According to a recent report from the IPCC, human beings have a little more than a decade to cut greenhouse gas emissions by half or face unprecedented environmental consequences. The report created a ripple effect through the media when it was released, along with renewed public pushes for substantive change.
Nowhere is that need for change more evident than on the supply chain. The average company’s supply chain produces 5.5 times more greenhouse gasses than its operations, according to researchers at CDP. Consumer pressure on companies to adopt carbon neutral production methods is mounting, as is pressure on government to regulate emissions from industry. When a company looks to cut emissions, they’ll see their supply chain as a major contributor.
The Winds of Change
“To make and sell goods,” writes Anne-Titia Bové and Steven Swartz for McKinsey, “consumer businesses need affordable, reliable supplies of energy and natural resources, as well as permission from consumers, investors, and regulators to do business.”
The balance described here has begun to shift. Now, it’s time for the supply chain to anticipate evolving needs, both to protect profits and meet changing expectations. But is there a big change around the corner?
Big players in retail, ecommerce, and agriculture have already started shopping around for more sustainable partnerships. According to Forbes, only fourteen companies participated when CDP’s Supply Chain Disclosure program launched a decade ago. Last year, 115 of the world’s largest companies took part, requesting environmental information from more than 5,500 suppliers. Those suppliers reported CO2 emissions reductions of 633 million tonnes, totalling “more than the emissions of South Korea in 2017.” (The collective cost savings from these reductions? A staggering $19.3 billion USD).
A sustainable supply chain does more than help protect the environment. Companies are realizing that better sustainability can boost long term profitability by improving efficiency, streamline compliance with shifting regulations, and much more. With a little foresight and planning, everyone from big players in supply chain infrastructure to fledgling startups can carve out a place in the coming sustainability boom.
|McKinsey identified three key steps to improving supply chain sustainability:
Beyond your supplier and vendor relationships, new technology and shifting consumer trends can help companies prepare for new supply chain expectations.
The recent launch of the Norwegian-designed Yara Birkeland, which started regular service last year, is one of the most exciting technological debuts in recent years.

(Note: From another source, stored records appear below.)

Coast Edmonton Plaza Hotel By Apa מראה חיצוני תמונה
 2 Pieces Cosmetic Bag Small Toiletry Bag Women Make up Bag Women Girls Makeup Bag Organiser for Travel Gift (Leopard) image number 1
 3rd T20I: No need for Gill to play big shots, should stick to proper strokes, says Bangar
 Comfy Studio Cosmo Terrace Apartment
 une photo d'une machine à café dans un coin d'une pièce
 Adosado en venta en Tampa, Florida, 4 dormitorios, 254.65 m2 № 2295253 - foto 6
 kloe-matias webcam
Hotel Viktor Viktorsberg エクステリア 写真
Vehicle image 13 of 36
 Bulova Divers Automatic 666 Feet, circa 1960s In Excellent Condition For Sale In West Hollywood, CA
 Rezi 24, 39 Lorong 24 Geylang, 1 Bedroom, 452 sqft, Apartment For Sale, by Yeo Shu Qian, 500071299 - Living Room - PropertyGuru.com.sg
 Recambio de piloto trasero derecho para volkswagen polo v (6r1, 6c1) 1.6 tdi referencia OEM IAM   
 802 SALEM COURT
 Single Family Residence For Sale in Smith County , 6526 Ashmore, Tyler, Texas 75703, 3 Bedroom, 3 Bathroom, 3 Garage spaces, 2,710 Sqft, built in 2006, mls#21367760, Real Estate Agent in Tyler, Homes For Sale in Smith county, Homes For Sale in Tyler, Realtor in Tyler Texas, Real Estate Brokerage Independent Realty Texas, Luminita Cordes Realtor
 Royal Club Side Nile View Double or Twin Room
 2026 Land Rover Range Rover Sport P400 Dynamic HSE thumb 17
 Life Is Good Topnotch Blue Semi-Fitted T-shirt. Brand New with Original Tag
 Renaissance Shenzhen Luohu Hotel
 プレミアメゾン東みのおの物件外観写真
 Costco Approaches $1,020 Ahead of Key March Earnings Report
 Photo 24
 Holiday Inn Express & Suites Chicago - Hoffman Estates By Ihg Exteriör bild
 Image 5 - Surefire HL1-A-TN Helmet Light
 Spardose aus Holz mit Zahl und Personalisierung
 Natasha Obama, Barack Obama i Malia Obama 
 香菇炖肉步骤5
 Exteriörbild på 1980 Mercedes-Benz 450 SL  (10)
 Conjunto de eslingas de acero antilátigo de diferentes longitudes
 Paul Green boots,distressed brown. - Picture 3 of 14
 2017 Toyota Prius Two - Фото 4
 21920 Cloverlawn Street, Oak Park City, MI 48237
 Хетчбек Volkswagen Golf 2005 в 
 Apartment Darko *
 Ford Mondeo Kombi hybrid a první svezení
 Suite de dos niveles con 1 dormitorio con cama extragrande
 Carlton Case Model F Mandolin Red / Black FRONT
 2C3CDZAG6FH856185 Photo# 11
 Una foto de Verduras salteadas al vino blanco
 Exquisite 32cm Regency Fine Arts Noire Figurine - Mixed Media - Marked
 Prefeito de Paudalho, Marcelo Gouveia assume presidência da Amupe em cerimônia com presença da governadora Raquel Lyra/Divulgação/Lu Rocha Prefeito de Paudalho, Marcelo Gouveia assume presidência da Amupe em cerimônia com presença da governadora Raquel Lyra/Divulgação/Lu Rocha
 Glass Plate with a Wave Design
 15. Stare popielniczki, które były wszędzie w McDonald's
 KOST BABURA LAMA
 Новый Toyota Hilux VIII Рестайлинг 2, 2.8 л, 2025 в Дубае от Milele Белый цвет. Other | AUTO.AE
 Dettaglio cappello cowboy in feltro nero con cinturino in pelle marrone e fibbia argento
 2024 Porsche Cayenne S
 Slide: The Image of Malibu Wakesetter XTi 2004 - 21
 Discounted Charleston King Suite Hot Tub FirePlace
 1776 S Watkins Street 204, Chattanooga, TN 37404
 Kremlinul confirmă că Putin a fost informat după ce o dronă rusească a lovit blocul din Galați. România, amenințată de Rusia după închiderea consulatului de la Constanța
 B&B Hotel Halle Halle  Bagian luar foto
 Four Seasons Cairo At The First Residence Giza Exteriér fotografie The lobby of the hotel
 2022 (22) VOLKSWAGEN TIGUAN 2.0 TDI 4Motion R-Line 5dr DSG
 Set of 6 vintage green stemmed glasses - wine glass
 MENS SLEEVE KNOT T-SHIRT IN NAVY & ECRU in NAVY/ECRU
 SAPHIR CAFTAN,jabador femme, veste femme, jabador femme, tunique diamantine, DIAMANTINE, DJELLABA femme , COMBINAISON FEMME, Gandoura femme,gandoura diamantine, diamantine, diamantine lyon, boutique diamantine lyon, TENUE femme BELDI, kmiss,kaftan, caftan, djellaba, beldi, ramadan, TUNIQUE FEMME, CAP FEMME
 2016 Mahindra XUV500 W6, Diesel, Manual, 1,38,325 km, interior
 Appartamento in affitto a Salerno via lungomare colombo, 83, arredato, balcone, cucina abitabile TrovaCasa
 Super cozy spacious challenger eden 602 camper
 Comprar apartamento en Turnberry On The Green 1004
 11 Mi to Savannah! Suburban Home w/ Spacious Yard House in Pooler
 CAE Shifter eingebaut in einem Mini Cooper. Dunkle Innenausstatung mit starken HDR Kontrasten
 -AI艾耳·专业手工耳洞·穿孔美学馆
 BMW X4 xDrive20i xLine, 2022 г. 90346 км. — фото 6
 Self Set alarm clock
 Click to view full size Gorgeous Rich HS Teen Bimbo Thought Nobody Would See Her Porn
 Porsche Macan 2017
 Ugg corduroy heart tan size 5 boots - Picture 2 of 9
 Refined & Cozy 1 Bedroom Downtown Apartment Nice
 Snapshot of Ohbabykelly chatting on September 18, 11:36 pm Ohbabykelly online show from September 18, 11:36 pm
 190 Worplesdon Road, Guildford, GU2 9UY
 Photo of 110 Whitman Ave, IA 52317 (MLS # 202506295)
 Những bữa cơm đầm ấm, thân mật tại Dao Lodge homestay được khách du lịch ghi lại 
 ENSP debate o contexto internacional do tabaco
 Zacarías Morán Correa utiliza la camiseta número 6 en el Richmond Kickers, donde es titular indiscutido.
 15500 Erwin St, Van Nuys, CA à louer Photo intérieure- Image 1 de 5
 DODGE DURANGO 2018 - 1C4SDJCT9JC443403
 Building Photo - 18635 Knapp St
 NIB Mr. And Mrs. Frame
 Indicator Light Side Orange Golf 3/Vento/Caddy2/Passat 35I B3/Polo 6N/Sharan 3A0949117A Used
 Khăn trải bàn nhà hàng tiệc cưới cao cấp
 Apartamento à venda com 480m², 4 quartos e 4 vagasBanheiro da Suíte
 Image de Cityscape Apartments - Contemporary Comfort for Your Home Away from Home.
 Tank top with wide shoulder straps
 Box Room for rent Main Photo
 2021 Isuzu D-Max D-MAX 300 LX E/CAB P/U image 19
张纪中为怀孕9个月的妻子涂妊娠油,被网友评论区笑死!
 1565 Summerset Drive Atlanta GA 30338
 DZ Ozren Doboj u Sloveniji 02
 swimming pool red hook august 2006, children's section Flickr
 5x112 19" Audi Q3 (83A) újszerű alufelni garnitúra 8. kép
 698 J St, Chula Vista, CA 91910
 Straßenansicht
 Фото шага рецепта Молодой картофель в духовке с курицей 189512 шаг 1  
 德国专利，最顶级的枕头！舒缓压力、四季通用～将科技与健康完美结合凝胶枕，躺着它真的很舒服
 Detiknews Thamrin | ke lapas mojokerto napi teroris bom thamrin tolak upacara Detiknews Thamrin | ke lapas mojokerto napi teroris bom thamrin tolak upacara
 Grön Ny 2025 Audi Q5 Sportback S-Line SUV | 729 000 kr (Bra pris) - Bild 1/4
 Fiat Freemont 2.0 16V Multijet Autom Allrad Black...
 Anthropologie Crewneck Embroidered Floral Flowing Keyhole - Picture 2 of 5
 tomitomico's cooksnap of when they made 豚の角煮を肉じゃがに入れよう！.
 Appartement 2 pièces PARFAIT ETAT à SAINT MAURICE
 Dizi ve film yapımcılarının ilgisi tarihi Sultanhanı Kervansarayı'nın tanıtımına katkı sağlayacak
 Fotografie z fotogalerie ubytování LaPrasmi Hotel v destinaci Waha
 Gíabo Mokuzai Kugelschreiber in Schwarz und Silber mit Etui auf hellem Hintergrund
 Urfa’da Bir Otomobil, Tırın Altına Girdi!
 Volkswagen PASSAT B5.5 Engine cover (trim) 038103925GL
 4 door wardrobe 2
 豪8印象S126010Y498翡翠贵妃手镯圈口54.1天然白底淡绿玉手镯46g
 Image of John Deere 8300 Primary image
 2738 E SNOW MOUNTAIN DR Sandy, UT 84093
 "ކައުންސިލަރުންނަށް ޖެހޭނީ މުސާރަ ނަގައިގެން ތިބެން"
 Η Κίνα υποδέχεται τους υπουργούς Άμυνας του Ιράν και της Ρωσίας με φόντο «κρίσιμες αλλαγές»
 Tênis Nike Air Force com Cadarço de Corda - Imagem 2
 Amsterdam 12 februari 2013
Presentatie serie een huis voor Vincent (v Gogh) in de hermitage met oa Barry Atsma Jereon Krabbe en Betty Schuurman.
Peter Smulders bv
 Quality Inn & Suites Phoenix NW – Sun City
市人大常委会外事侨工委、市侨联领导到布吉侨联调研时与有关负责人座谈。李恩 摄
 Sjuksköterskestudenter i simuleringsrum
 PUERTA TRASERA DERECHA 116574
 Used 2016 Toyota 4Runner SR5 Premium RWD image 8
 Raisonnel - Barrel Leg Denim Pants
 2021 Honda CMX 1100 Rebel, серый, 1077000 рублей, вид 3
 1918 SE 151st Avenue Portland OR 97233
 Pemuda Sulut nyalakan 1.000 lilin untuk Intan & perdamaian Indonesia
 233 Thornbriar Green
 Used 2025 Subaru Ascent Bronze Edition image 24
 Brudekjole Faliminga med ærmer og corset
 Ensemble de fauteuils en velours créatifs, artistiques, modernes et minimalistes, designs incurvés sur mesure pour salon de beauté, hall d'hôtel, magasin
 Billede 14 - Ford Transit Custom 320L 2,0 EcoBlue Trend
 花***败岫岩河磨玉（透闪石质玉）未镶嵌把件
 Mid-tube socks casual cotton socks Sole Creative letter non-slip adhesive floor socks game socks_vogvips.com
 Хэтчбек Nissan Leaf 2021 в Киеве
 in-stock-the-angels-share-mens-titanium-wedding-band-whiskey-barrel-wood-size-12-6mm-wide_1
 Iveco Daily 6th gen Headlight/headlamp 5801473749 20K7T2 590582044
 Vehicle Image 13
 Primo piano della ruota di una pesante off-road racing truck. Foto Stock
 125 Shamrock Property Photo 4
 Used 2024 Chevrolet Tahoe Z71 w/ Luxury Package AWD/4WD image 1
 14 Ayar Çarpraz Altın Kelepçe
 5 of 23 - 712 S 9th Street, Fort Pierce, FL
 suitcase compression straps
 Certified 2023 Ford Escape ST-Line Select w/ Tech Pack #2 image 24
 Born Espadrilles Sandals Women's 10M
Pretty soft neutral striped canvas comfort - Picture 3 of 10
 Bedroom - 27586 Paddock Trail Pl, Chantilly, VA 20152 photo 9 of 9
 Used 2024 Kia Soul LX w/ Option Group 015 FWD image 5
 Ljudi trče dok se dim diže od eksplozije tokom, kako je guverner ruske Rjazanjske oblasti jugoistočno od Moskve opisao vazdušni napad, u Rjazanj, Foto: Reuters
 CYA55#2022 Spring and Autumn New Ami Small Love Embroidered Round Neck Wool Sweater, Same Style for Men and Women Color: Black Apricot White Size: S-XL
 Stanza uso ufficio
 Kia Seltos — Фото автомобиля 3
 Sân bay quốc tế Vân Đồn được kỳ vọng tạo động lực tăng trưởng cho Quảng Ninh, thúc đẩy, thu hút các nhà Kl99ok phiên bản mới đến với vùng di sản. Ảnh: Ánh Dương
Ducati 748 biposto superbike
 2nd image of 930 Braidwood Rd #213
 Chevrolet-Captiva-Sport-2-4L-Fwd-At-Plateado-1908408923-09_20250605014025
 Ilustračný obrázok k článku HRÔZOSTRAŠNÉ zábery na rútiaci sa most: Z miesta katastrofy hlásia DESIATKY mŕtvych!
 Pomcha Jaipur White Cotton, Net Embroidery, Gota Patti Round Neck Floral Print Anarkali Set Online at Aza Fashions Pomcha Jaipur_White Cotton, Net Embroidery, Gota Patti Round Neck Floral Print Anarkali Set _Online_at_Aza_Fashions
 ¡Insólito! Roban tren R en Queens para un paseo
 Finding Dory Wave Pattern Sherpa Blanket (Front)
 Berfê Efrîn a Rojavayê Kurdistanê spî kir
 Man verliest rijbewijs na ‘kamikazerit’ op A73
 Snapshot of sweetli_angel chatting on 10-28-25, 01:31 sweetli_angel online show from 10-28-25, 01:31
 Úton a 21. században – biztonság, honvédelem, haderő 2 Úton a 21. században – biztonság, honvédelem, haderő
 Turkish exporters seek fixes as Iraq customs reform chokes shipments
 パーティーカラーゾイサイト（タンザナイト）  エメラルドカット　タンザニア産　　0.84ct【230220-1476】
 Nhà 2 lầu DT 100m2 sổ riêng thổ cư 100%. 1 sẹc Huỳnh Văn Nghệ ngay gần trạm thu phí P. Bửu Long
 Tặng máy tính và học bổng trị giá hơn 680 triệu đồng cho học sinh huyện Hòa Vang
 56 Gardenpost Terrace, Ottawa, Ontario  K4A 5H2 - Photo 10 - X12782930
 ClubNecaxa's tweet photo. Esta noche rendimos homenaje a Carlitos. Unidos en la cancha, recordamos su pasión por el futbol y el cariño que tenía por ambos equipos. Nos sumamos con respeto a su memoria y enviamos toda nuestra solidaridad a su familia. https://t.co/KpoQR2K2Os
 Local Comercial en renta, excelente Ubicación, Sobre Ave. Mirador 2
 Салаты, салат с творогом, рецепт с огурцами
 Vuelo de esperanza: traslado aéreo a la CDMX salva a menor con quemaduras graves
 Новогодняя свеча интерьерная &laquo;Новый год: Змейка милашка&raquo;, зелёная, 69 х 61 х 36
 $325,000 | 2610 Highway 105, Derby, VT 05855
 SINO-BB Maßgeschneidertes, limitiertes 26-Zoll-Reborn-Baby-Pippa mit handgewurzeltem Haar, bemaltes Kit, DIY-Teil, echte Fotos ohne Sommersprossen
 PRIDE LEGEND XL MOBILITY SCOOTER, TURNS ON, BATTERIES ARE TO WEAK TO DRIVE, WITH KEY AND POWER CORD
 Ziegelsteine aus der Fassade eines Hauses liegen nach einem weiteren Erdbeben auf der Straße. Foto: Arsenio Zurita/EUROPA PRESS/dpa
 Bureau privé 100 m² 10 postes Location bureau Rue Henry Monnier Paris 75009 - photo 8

This is the world’s first autonomous, fully-electric container vessel. It could very well signal a coming sea change (no pun intended) in transoceanic container shipping.
That’s only the start. By 2020, the Yara Birkeland will be loaded and unloaded using a matching zero-emission automated straddle carriers and other equipment, making it the first “fully digitalised and electric supply chain, with all operations, including loading, unloading and sailing conducted in a fully autonomous manner with zero emissions,” according to Tove Andersen, EVP Production at Yara.
Widespread adoption of existing technology is underway as well. Advanced intermodal technology can reduce the number of trucks on the road, which reduces the supply chain carbon footprint enormously. Diesel freight trains produce between three- and five-times less CO2 than semi trucks, while also minimizing wear and tear on public roads (repairing roads also produces a lot of CO2).
In the next year, GE and BNSF will be debuting a battery-electric freight locomotive in California to minimize the power derived from diesel engines by 15% or more on a stretch between Stockton and Barstow.
Regional warehousing is another trend that may minimize the carbon impact of your supply chain by using the simplest reduction methodology – driving less.
Consider the following example: you receive cargo at the Port of Los Angeles that’s destined for a brick and mortar retailer in nearby Culver City. Using traditional supply chain logic, that cargo is unloaded and shipped over the Gerald Desmond Bridge to a regional fulfillment center, usually located in a distant exurban area. When needed, that cargo is then shipped back to the urban core to a retail store. That’s a lot of wasted driving.
Regional warehousing keeps product closer to its entry point — which, in most instances, is coincidentally closest to the highest concentrations of prospective buyers. Less time spent on big rigs equals less carbon output. Easy, right?
Strategic 3PL transloading and port-side warehousing partnerships can enable a number of carbon cutting strategies near major ports across the country.